### Work task
Exactly and only the lines below from the one containing "531 River Park Road - Photo 1" down to the one containing "Que pena tu vida - Te Odio" are wanted, both included; please exclude every picture.

### Input data
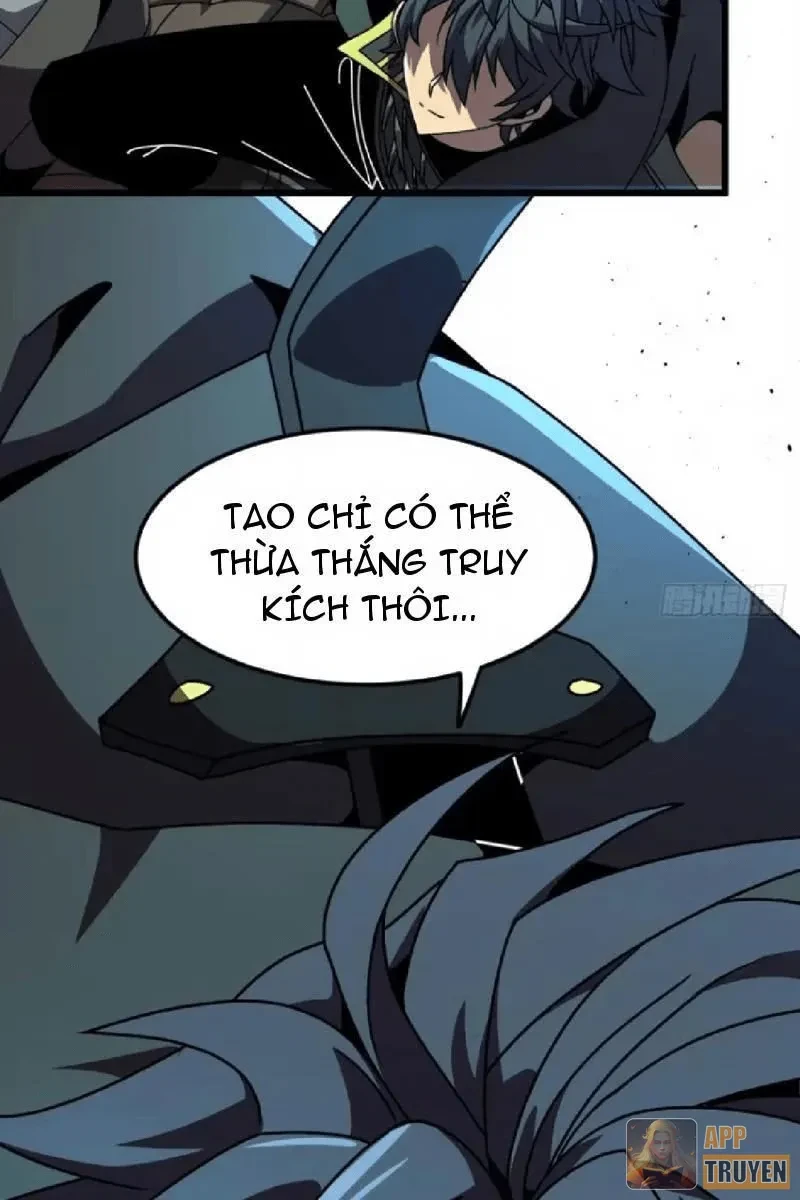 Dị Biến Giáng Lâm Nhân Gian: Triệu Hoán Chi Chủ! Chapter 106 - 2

...

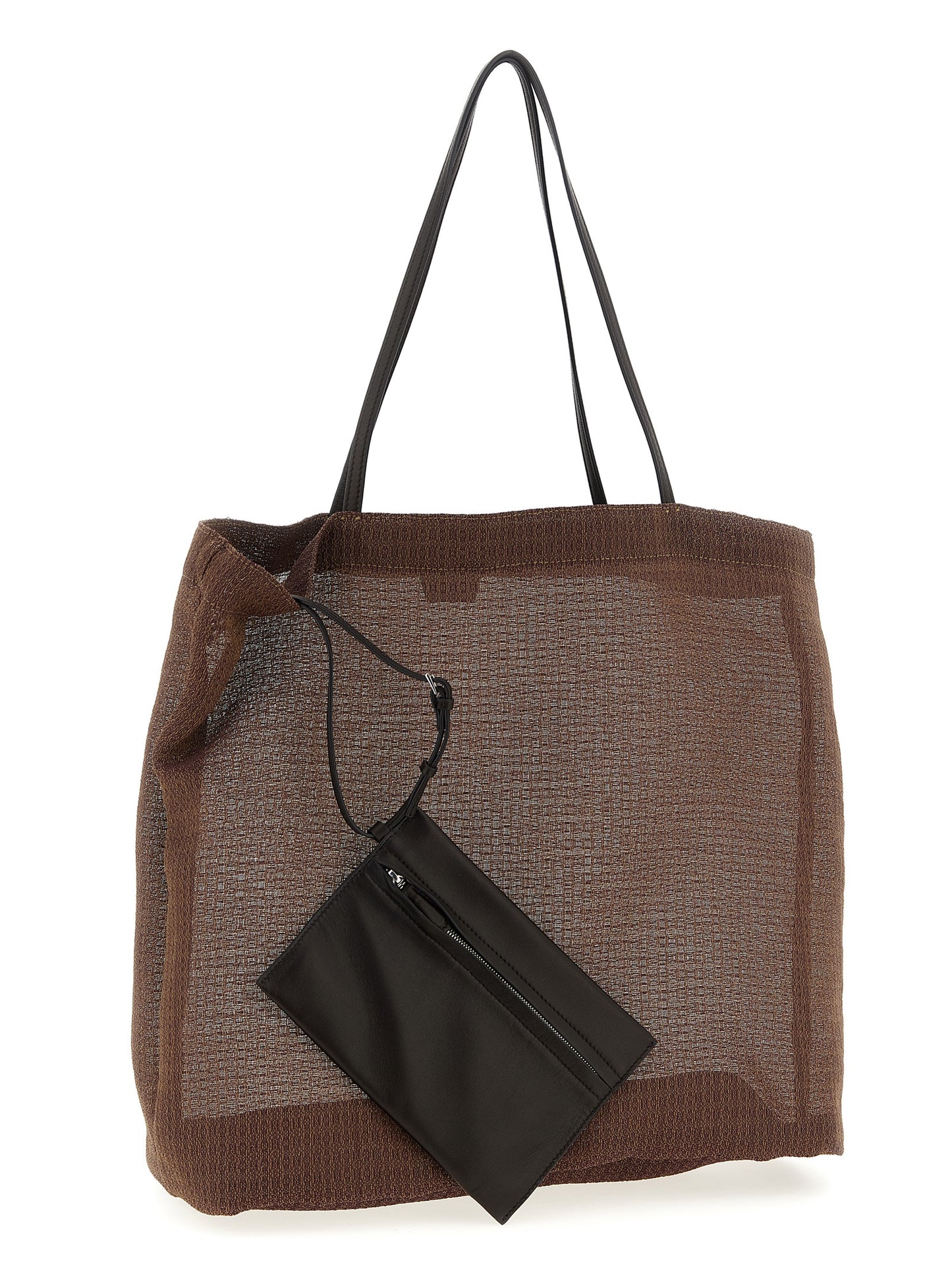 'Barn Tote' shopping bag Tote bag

==

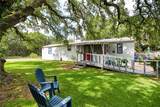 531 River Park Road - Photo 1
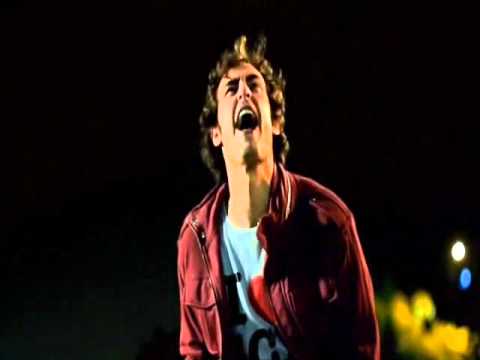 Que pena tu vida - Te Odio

### Response below
 531 River Park Road - Photo 1
 Que pena tu vida - Te Odio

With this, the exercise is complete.